The case of the day is In re Republic of Ecuador (N.D. Fla. 2012). The judge characterized the case as a small part of “an expansive, long-running international dispute,” which is like calling the moon landing a “short, somewhat interesting jaunt for the adventurous.” The Republic of Ecuador, taking a page from Chevron’s playbook, brought a § 1782 application for discovery from Dr. Robert Hinchee, one of Texaco’s testifying experts in the Lago Agrio trial, in aid of the arbitration between Ecuador and Chevron now pending in the Hague. Chevron intervened on Dr. Hinchee’s behalf.
Chevron asserted attorney-client privilege and work product protection for many documents, and it claimed that it had inadvertently produced some privileged documents. The judge conducted an in camera review of a sampling of documents from the privilege log and a sampling of documents inadvertently produced.
The judge noted that many of the documents were trivial or cryptic, and he noted that in an ordinary case he would take undue burden into account.
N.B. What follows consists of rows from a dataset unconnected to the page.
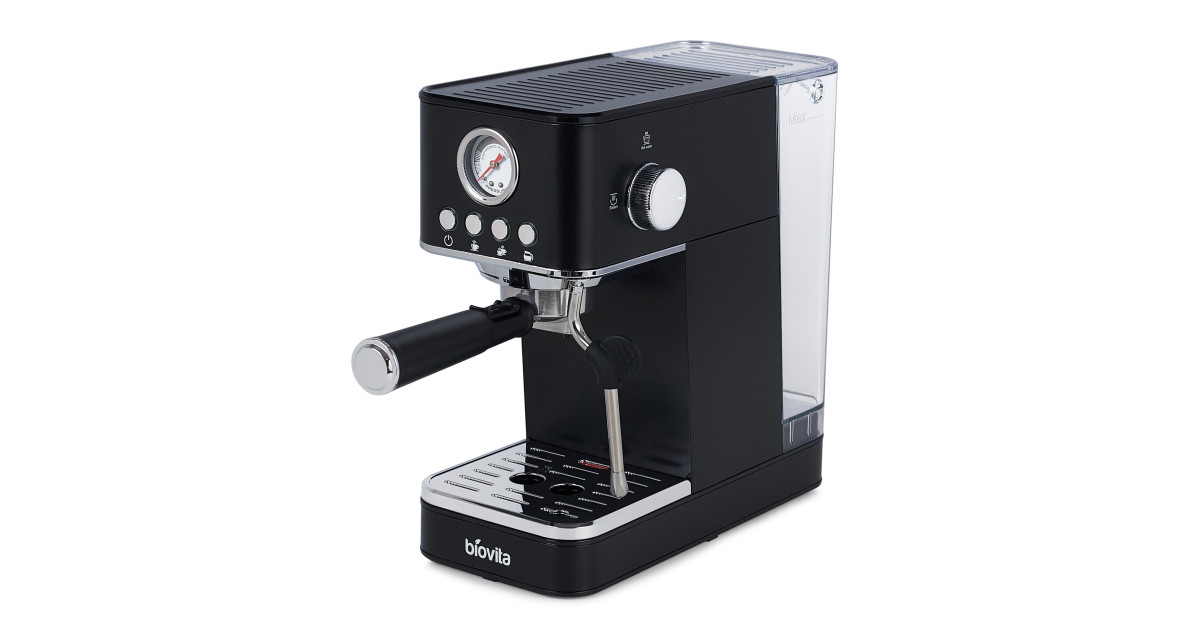 Espressor ROYAL, 1200W, 1.7L, 20 bari, carcasă inox, spumare, Negru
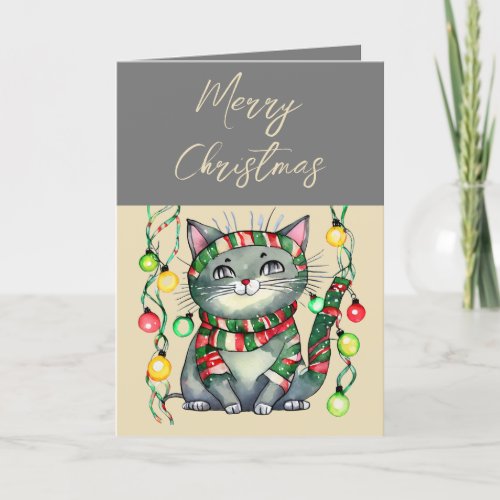 Merry Christmas cute smiling cat baubles grey Holiday Card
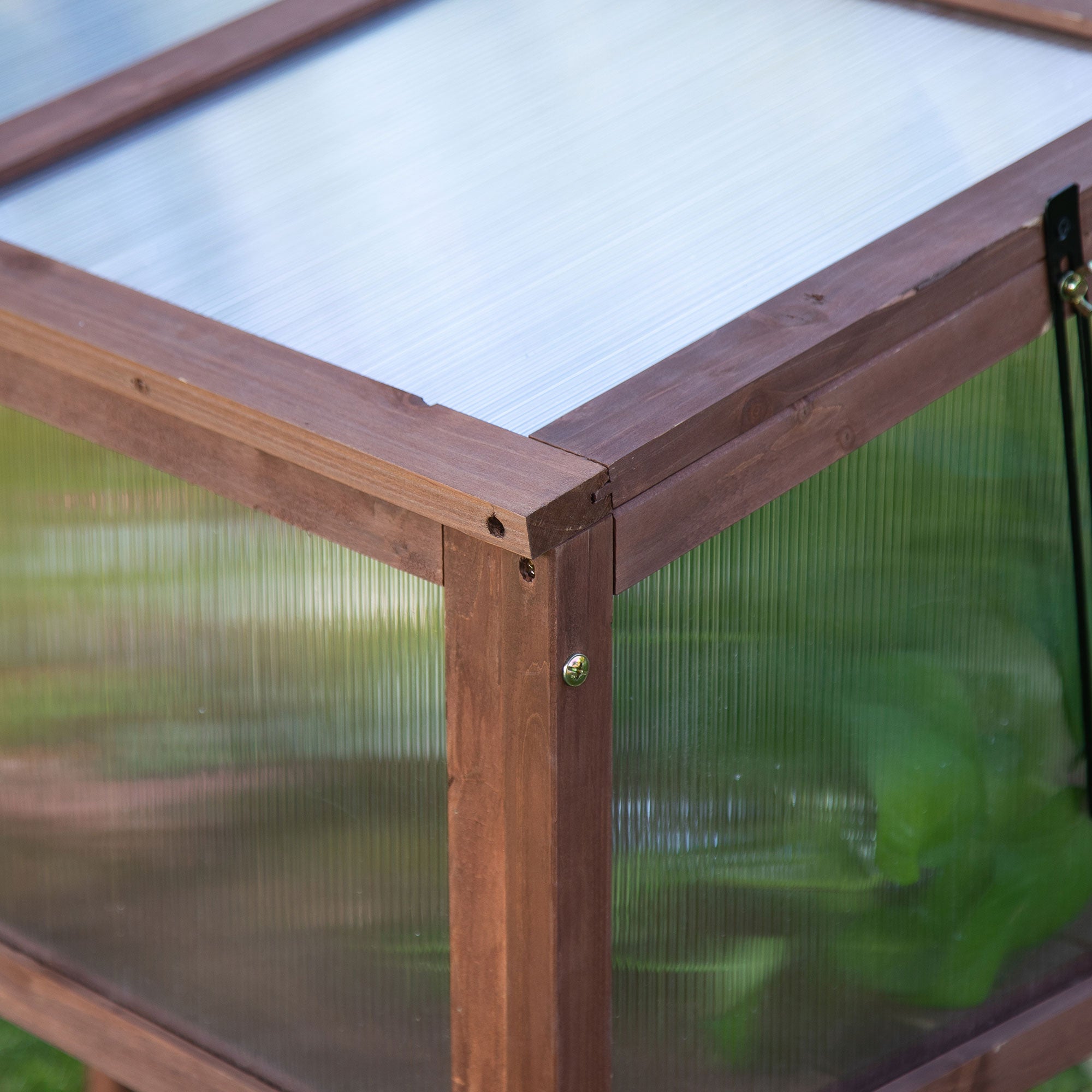 Outsunny Hochbeet aus Holz Frühbeet 90 x 50 x 93 cm Gewächstisch mit Abdeckung wetterfes Kräuterbeet Pflanzkasten für Garten, Balkon und Terrasse Braun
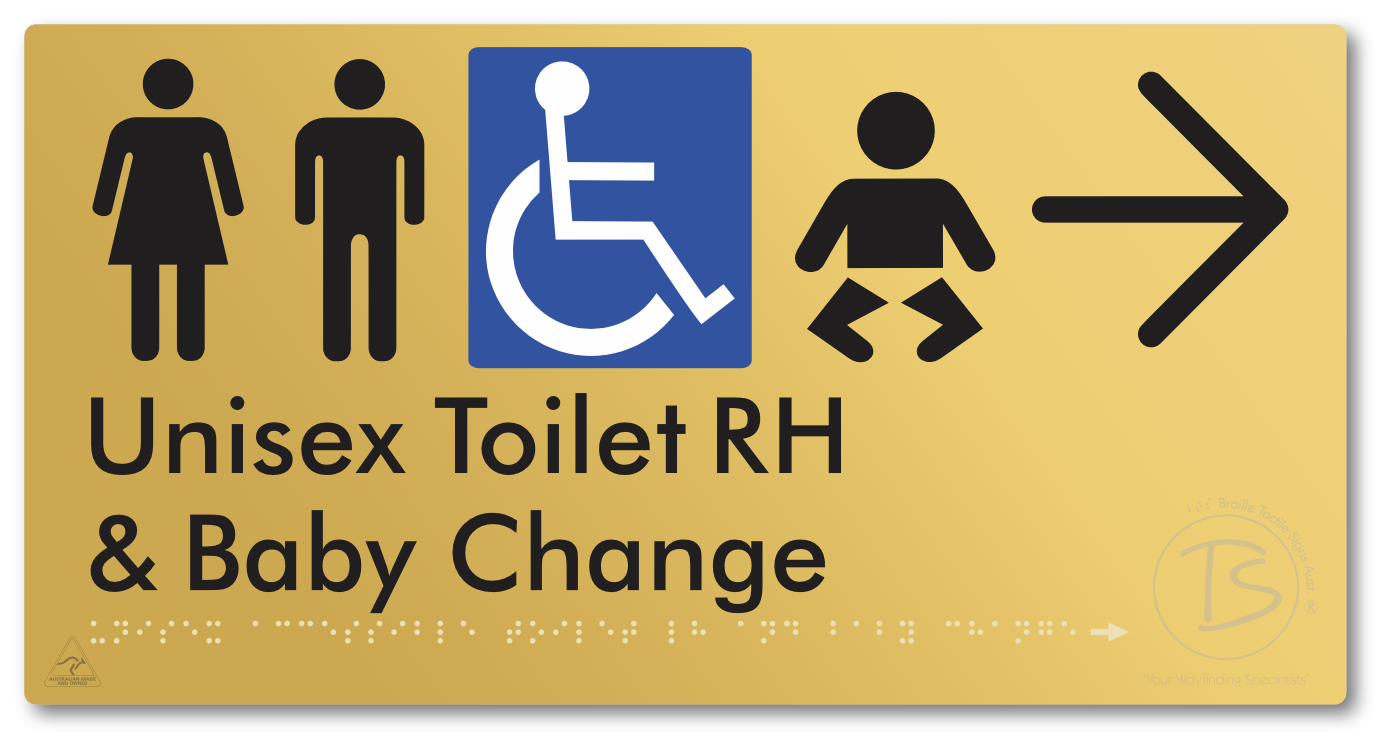 Unisex Accessible Toilet RH and Baby Change with Large Directional Arrow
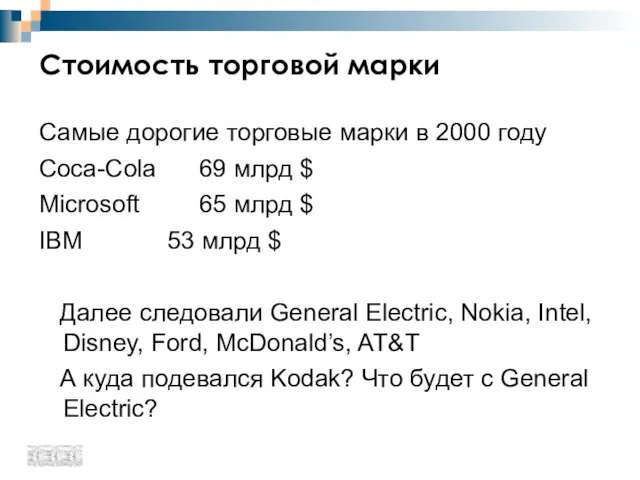 Стоимость торговой марки Самые дорогие торговые марки в 2000 году Coca-Cola 69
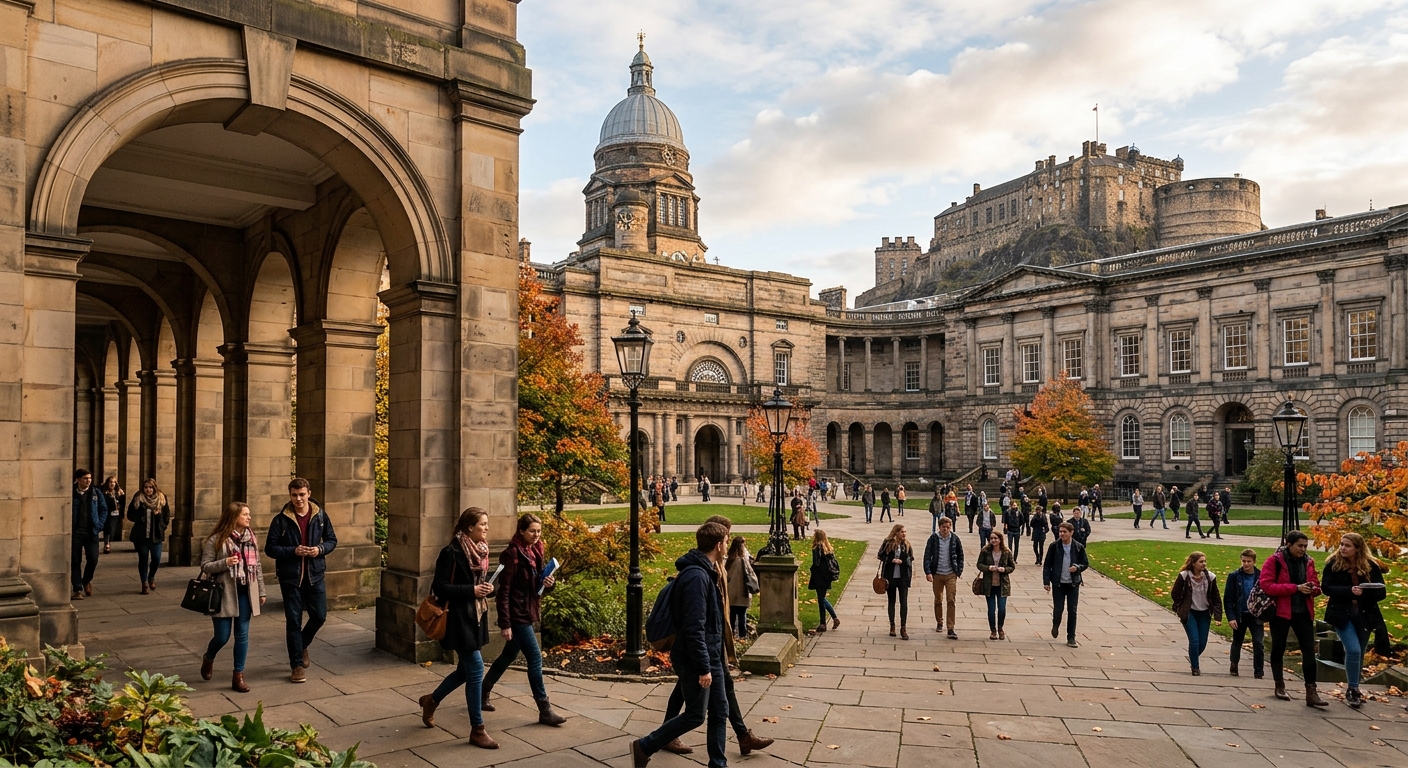Historic University of Edinburgh campus with Old College quadrangle, classical stone architecture, students walking through arched corridors, Edinburgh Castle visible in the background, autumn afternoon light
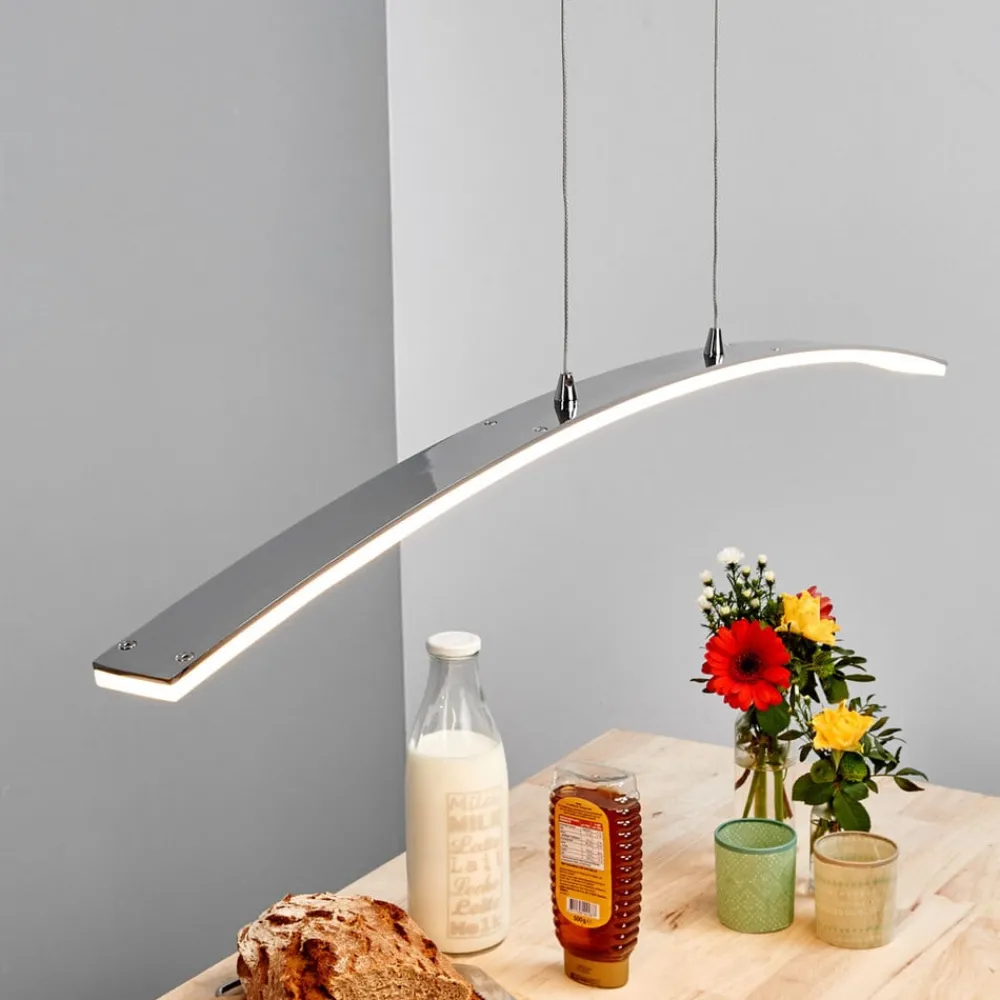 Arbejdsrum/Kontor|Pendellamper ^ Lucande LED-pendellampe Lorian, 99 cm, krom, metal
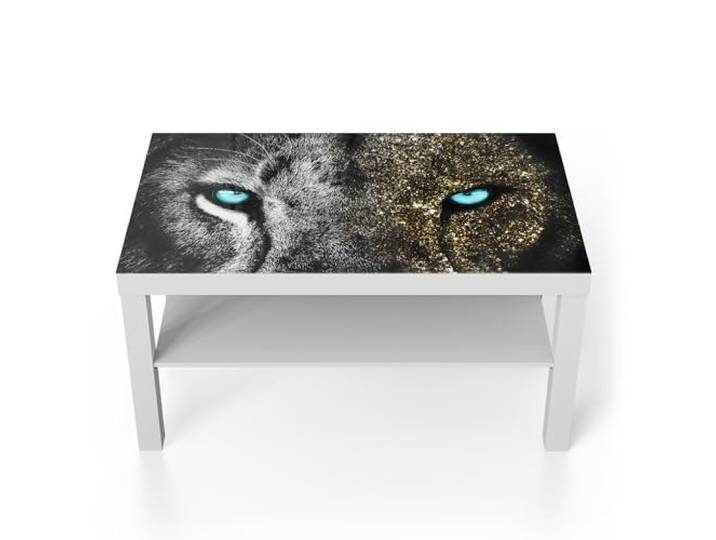 DEQORI Glastisch weiß groß 90x50 cm Motiv Stolze Löwenstärke ausgefallener Beistelltisch aus Glas Hochglanz Couchtisch fürs Wohnzimmer moderner Couch Tisch mit Design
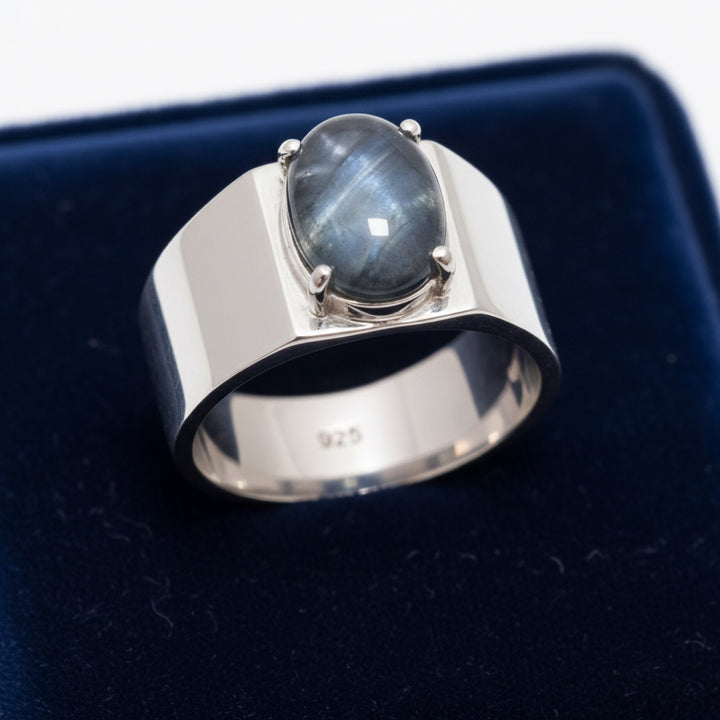 Anillo Hombre Plata 925 con Zafiro Estrella Azul Verde Verde azul 0.68ct, joyería mexicana Gold Shield - PREVENTA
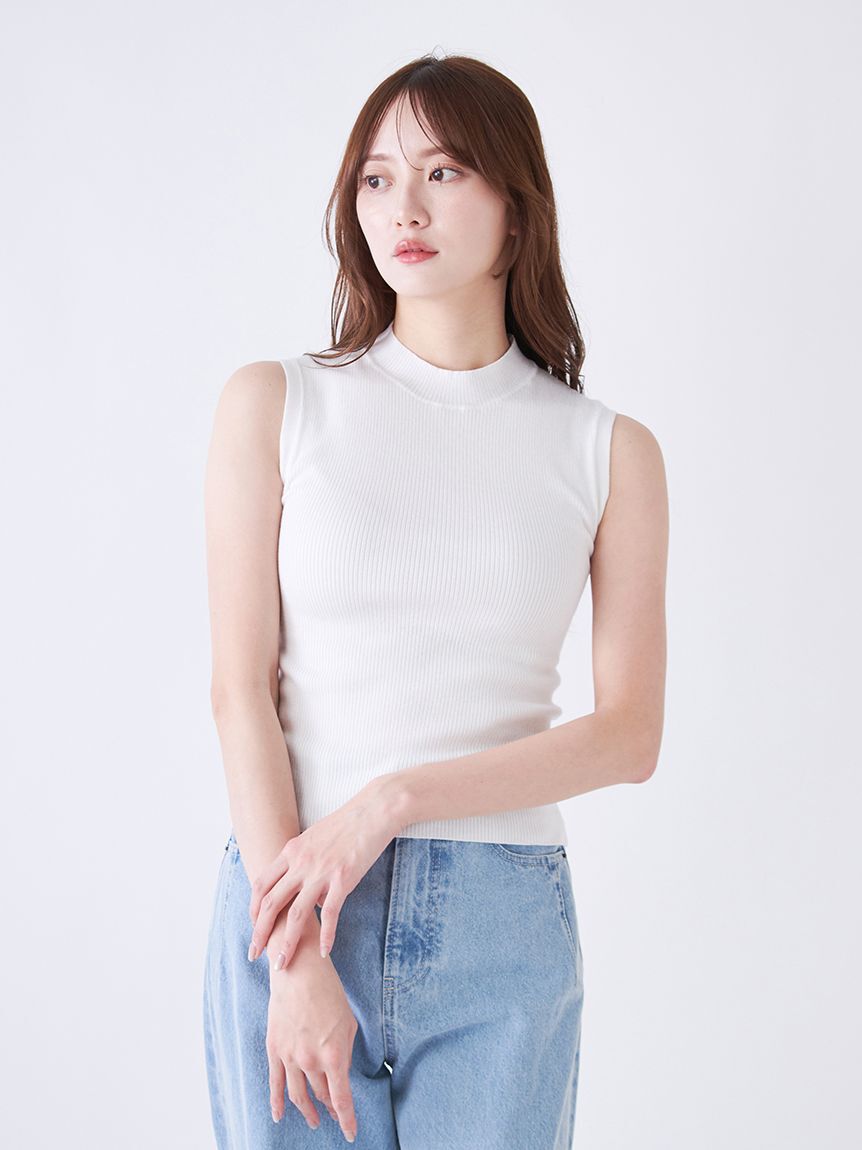 SNIDEL「デザインシャツレイヤードニットトップス」|ニット・セーター|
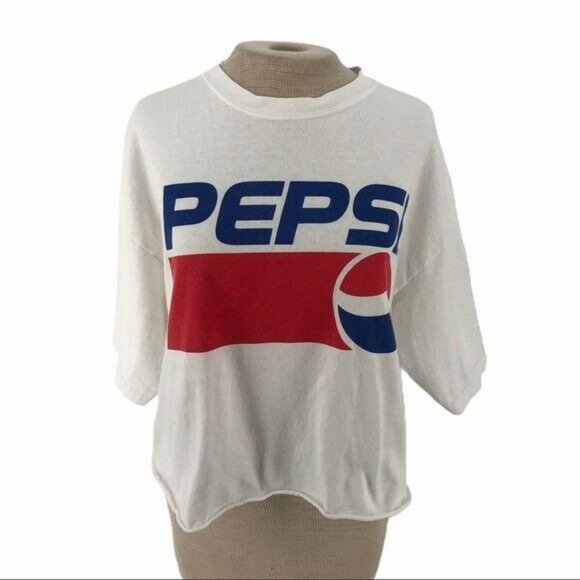 Pepsi Tops - Pepsi Cropped Cutoff T Tee Shirt White XL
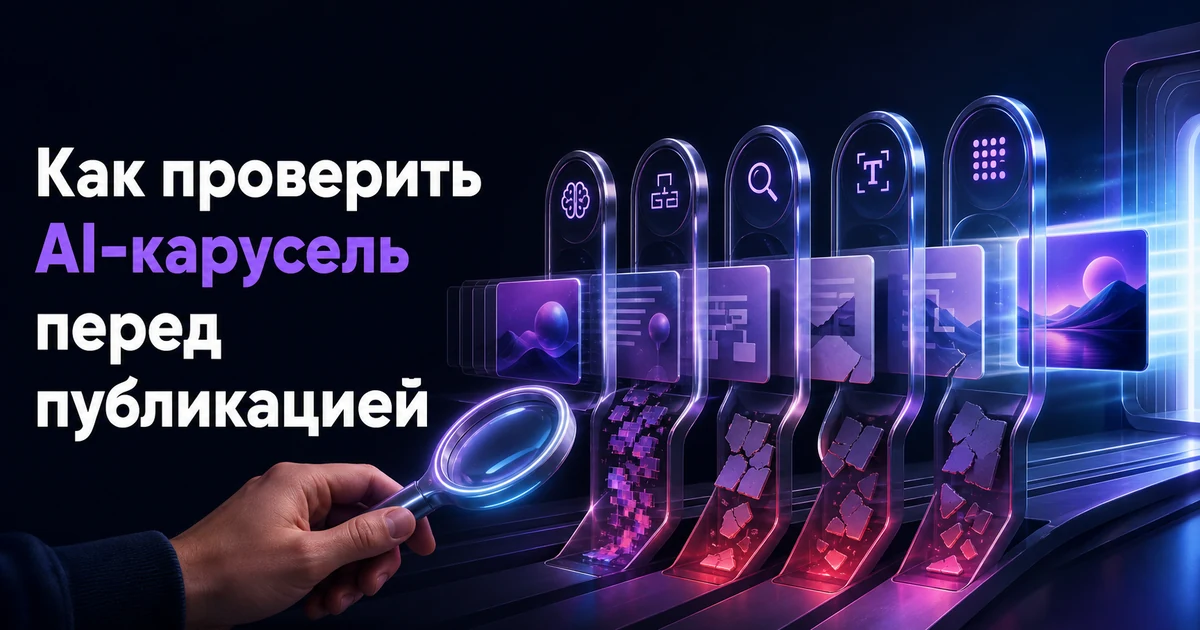 Обложка статьи «Как проверить AI-карусель перед публикацией»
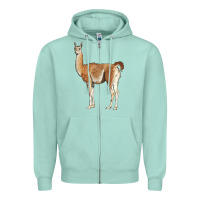 Seafoam guanaco llama Zipper Hoodie - LillyAllenDesigns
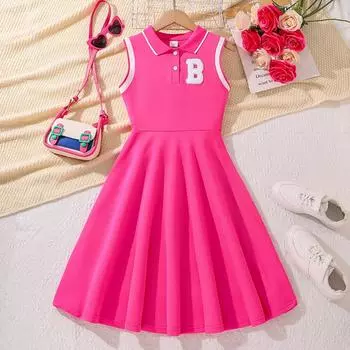 Платье для девочек, летнее детское модное платье без рукавов с надписью, милое спортивное платье 130cm=8Y розы красного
But because the amount in controversy “dwarfs the expense of even the broadest discovery,” and because neither party asserted burdensomeness, the judge focused on the privilege issues. He found that an “executive summary” that had been drafted for inclusion in an expert report was protected work product, but that the other documents he saw—Dr. Hinchee’s notes to himself, or communications between Dr. Hinchee and persons other than Chevron/Texaco’s lawyers—were neither privileged nor work product. Applying the 2010 amendments to FRCP 26, which protect communications between a testifying expert and the lawyer for the party on whose behalf the expert is testifying, the judge ordered Chevron to produce all of the documents requested other than documents containing communications between Dr. Hinchee and Chevron/Texaco’s lawyers.
Is anyone surprised that Chevron has appealed?